Look who’s talking

Speaker recognition for manhunt

Assassins, kidnappers, extortionists – they like to keep in touch by phone. The hunt for criminals by listening device is quite simple in the minds of hollywood writers: "a few more seconds, we’ll have him", says the computer technician. Data records rush past the monitor – then a flash of light. "That’s him, his voice profile is a match." but investigators can actually match tapped phone conversations with a voice profile database? And does it work automatically?? German phonetics experts are extremely skeptical: "the digital voiceprint is a phantom", said angelika braun, professor of phonetics at the university of marburg, at last week’s scientific press conference in bonn.

Angelika braun, who headed the speaker recognition department at the federal criminal police office (bka) as recently as 2000, says that the probability of identifying a perpetrator by voice profile is as high as that of handwriting analysis: "at least two to three percent are wrong." although the human voice is individually distinctive, it is also bound to anatomical and physiological conditions. It may wear out or change in the event of illness.

Jens peter koster, phonetics professor at the university of trier, also considers voiceprints, which are visualized speech sound analyses still used mainly in the usa, to be "scientifically unsound". Angelika braun doubts its effectiveness: "in fact, the assessment of voice identity is merely shifted from the auditory to the visual level. This objectively leads to a worsening of the decision basis, since the resolution of the sonagrams is substantially below the differentiation ability of the human ear." this is probably why the fbi does not go to court with the voiceprints. But allegedly they are used in the echelon system to identify speakers. And criminal procedure law in the u.S. Still allows for their recognition by a judge.

Feature-oriented phonetic analysis

In germany, the voice is used as a clue, especially in murder, kidnapping, and assassination cases. In the 1970s, the federal criminal police office last relied on voice profile analysis, then the investigators turned to the more sophisticated feature-based phonetic analysis. This is a combination procedure that supplements classic auditory methods with computer-assisted instrumental phonetic methods. The first successes were achieved at the end of the 1970s in a kidnapping and a murder case. In the case of the kidnapping of the then employer president hanns martin schleyer, wiretap protocols were also analyzed and used for the terrorist trials.

The feature-based phonetic analysis is based on the one hand on the computer-assisted analysis of the sound signal, and on the other hand on the evaluation by an expert. First, the quality of the sound carrier is improved in order to achieve an ideal signal. While in the 70’s the spectral range was investigated, today it is the cepstral range. The spectrum itself has a periodic structure. The frequencies of the oscillations in the spectrum form the cepstrum of the signal. The experts use complex logarithms and fourier transforms to calculate the cepstrum.

The expert then evaluates speech characteristics such as breathing or vocalization. Whether a speaker speaks monotonously or animatedly also plays a role in the evaluation, as do microfluctuations of the voice or the energy distribution in the voice spectrum. In a police murder in holzminden, for example, the perpetrator was identified by his very high-pitched voice, among other things. As koster pointed out, particularly cutting and whistling sounds can also be typical of a speaker – as in the case of the raf terrorist peter-jurgen boock.
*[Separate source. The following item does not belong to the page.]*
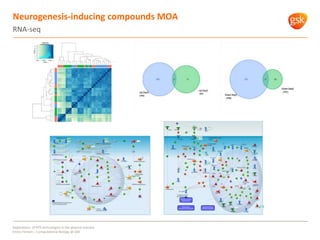 Neurogenesis-inducing compounds MOA
RNA-seq
Applications of HTS technologies in the pharma industry
Enrico Ferrero – Compu...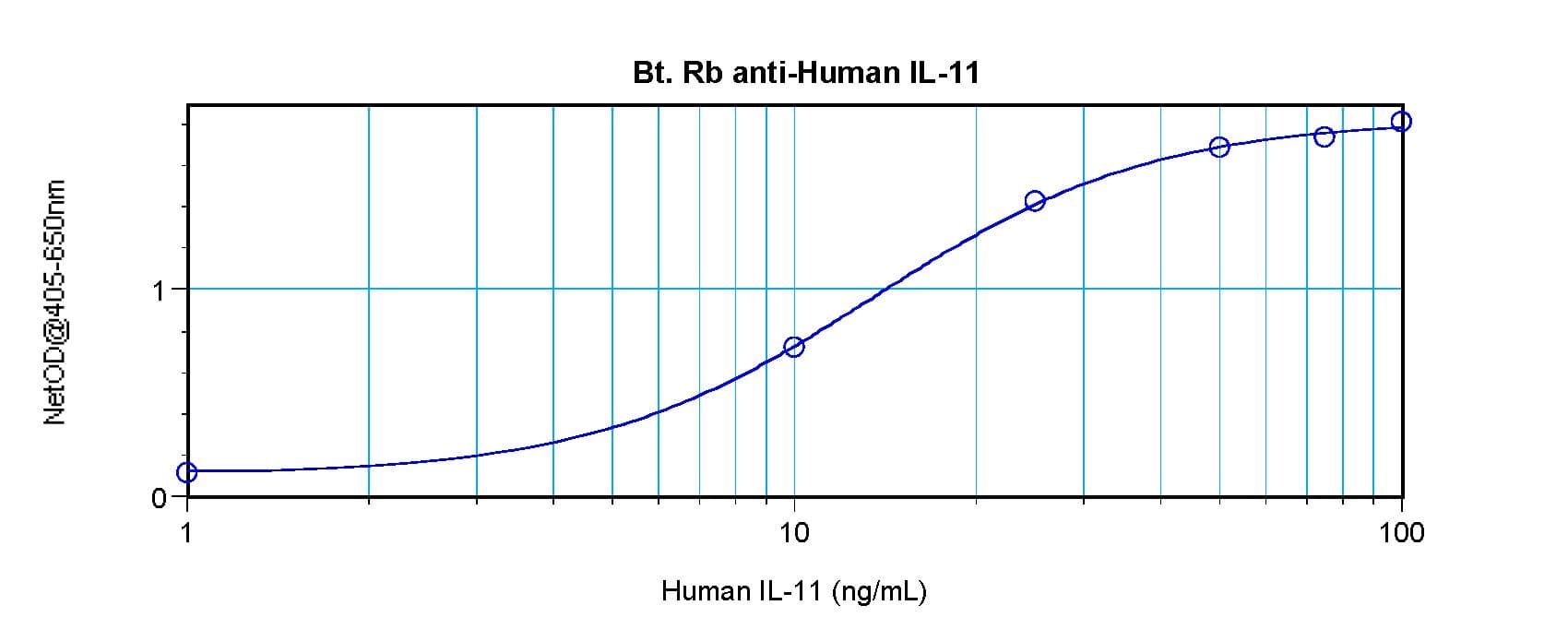 Polyclonal Rabbit anti-Human IL11 Antibody (Biotin, WB)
On average, an analysis takes 20 to 30 hours to produce a report that can be used in court. This speaker profile is then matched with comparison samples of suspects. "The data is destroyed again after use" emphasizes angelika braun. Therefore, the federal criminal police office does not have a database with voice profiles.

The method is also suitable for identifying foreign-language offenders. However, the evaluators cannot themselves determine typical dialectal colorations in other languages. For the german language, the bka has already developed a database of regional colloquial languages. For the analysis of foreign languages, on the other hand, freelance interpreters are often used. But gerd osten, first chief inspector at the federal border guard, warns against too high expectations: "the higher the requirements for language expertise, the lower the probability that the interpreter himself is neutral." after all, linguistic ties among small language groups often exist because of a very limited regional origin.
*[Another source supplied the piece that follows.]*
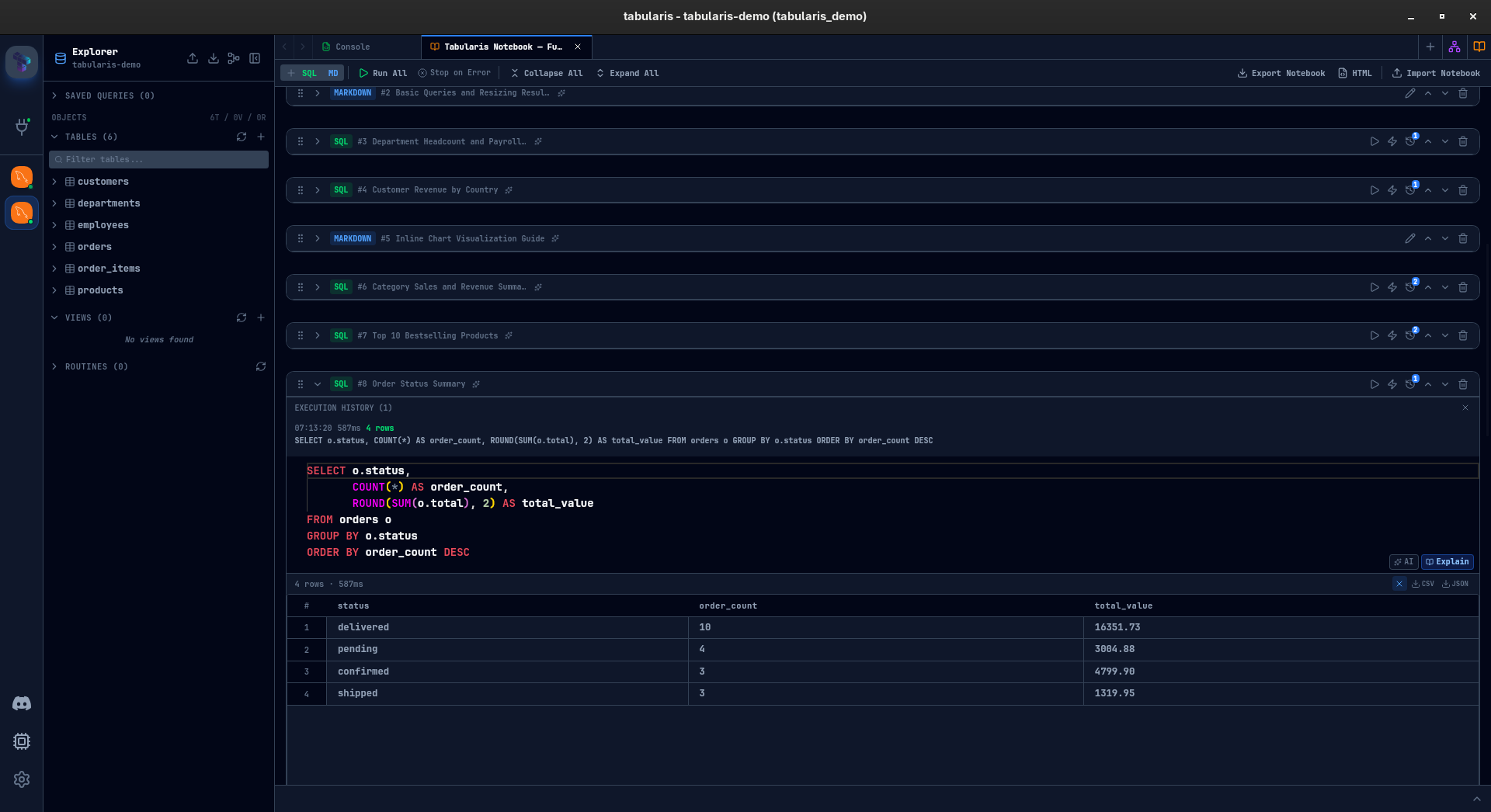 SQL cell with AI and Explain buttons, execution history, and collapsed cells overview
Automatic speaker verification

In germany there are few experts in speech and language analysis. Four phoneticians and three linguists work at the federal criminal police office in the field of speaker recognition. The state criminal investigation departments in north rhine-westphalia, bavaria, brandenburg and berlin also employ only a few experts. Only the universities of marburg and trier deal with forensic phonetics. In europe, intensive research is currently being carried out on automated speaker recognition.
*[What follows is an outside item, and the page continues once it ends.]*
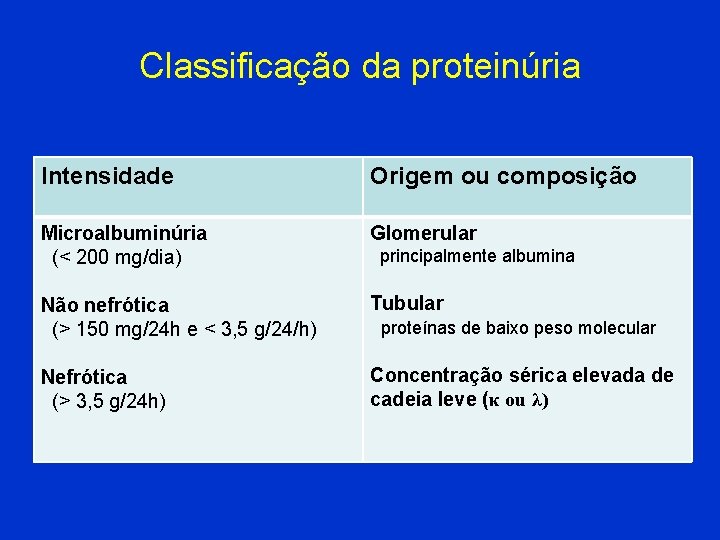 Classificação da proteinúria Intensidade Origem ou composição Microalbuminúria (< 200 mg/dia) Glomerular Não nefrótica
Last week, a bka symposium was held on the topic of "automatic speaker verification" in eltville, where the latest research results were presented to the public. With optimal voice transmission, 20 seconds of audio tape is currently sufficient for an analysis. But increasingly, nonverbal techniques such as text messages and e-mails are being used, says gerd osten. Speaker recognition fails here, but the digital traces can be identified more quickly.